Marijuana use has exploded across the US since a wave of legalizations kicked off a decade ago, but some parents believe the super-strength strains of today are driving children to suicide.
Figures show found the number of Americans who have marijuana in their system when they try to kill themselves is growing at an alarming 17 percent per year – and the trend is being fueled by a rise in young people.
Sonia Jimenez, from Houston, Texas, lost her son Josh, 22, to suicide in December 2021, which she believes was caused by chronic cannabis use.
Josh started smoking and vaping the drug in 9th grade and soon formed a habit that resulted in three bouts of hospital stays for psychosis. He began seeing ‘demonic beings’ and was convinced his friends were trying to kill him.
On average, the marijuana of today contains three times as much THC – the psychoactive compound in weed that gets users and high and causes feelings of paranoia – as the strains enjoyed 25 years ago.
And it’s easier to get than ever. You can’t walk a single block in major cities like New York, LA and Denver anymore without passing a smoke shop selling a dizzying array of highly concentrated edibles and vapes containing THC.
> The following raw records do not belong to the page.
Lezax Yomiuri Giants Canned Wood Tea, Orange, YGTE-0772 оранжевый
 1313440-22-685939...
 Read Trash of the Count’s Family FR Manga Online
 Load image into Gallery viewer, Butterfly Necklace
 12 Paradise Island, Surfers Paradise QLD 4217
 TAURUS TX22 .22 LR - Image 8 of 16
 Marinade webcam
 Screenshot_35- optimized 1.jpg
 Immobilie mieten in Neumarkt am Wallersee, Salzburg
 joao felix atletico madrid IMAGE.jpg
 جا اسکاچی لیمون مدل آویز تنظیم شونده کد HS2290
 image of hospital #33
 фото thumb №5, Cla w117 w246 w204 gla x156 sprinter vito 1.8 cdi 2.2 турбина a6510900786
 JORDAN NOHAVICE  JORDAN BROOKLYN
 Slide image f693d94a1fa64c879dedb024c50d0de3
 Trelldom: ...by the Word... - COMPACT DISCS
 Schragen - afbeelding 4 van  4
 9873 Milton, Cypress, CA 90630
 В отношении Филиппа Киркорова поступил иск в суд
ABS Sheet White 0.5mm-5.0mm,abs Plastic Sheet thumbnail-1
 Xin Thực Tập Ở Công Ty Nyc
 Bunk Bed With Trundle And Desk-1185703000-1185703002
Joshua Jimenez died by suicide in December 2021 at the age of 22. Josh had been using marijuana since age 14 and was hospitalized three times for psychosis linked to weed
The link between recreational marijuana use and alcohol consumption was most significant among younger adults 18 to 24, though the association between the two is likely not a product of college partying.
A leaked document made public in January features research from the National Institutes of Health on the potency of cannabis samples seized by state and federal law enforcement from 1995 and 2021.
Weed vapes claim to contain as much as 99 percent THC, while traditional smokable flower, which was about four percent THC in 1995, often tops 25 percent in stores today.
And many of the products are directly aimed at children and young people, with colorfully packaged and fruity-flavored vape pens and edibles designed to look like popular candies, such as ‘Stoney Patch Kids’.
Dr Lorraine Collins, a psychologist who specialized in substance use at University at Buffalo told DailyMail.com the wave of legalization across the US gives the false illusion that marijuana is a harmless substance without a risk of addiction.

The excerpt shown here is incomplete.